[Data extracted from a collection]
┏━━

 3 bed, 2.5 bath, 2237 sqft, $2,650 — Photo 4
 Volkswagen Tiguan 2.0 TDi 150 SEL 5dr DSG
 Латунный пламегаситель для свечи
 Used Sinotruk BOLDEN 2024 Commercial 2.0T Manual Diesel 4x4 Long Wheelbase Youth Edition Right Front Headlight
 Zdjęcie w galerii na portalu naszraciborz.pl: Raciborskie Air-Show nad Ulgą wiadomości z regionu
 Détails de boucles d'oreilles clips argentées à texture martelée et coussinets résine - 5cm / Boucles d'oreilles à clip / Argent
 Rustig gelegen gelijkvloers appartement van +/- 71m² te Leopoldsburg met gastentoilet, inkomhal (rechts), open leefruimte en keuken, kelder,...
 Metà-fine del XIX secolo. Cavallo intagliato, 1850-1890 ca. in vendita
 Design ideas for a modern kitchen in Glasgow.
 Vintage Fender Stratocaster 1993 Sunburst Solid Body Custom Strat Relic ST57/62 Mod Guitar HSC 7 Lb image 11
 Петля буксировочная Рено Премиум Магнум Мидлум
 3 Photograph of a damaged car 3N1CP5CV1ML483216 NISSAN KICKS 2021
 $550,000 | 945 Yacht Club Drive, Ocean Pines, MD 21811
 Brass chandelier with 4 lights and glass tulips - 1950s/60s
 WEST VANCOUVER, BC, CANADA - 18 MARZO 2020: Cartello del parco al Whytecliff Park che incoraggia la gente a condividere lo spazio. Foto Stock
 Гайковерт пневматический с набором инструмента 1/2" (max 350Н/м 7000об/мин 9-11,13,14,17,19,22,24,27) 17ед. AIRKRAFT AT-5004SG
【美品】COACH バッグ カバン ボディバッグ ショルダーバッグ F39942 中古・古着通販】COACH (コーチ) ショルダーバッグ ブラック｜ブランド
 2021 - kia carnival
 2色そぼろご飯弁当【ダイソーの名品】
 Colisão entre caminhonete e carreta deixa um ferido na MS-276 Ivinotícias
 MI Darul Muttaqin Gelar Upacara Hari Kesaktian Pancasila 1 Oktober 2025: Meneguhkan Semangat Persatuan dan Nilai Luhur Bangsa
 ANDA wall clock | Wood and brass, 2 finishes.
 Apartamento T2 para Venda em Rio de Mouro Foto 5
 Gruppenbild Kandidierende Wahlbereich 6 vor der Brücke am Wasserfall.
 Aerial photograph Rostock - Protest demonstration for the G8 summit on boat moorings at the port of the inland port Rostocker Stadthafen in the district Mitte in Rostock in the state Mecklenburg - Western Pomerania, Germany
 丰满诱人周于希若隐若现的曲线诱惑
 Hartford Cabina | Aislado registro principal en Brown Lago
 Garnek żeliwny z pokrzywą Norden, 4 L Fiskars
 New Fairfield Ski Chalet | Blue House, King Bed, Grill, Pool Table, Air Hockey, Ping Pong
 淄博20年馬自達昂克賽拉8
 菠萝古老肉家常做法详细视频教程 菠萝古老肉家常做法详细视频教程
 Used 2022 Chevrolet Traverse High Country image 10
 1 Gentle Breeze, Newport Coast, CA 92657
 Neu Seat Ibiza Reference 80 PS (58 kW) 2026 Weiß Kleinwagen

┗━━

Take the lines from the first line of the records through the line holding "Zdjęcie w galerii", both included, and please reproduce them exactly with nothing added.

 3 bed, 2.5 bath, 2237 sqft, $2,650 — Photo 4
 Volkswagen Tiguan 2.0 TDi 150 SEL 5dr DSG
 Латунный пламегаситель для свечи
 Used Sinotruk BOLDEN 2024 Commercial 2.0T Manual Diesel 4x4 Long Wheelbase Youth Edition Right Front Headlight
 Zdjęcie w galerii na portalu naszraciborz.pl: Raciborskie Air-Show nad Ulgą wiadomości z regionu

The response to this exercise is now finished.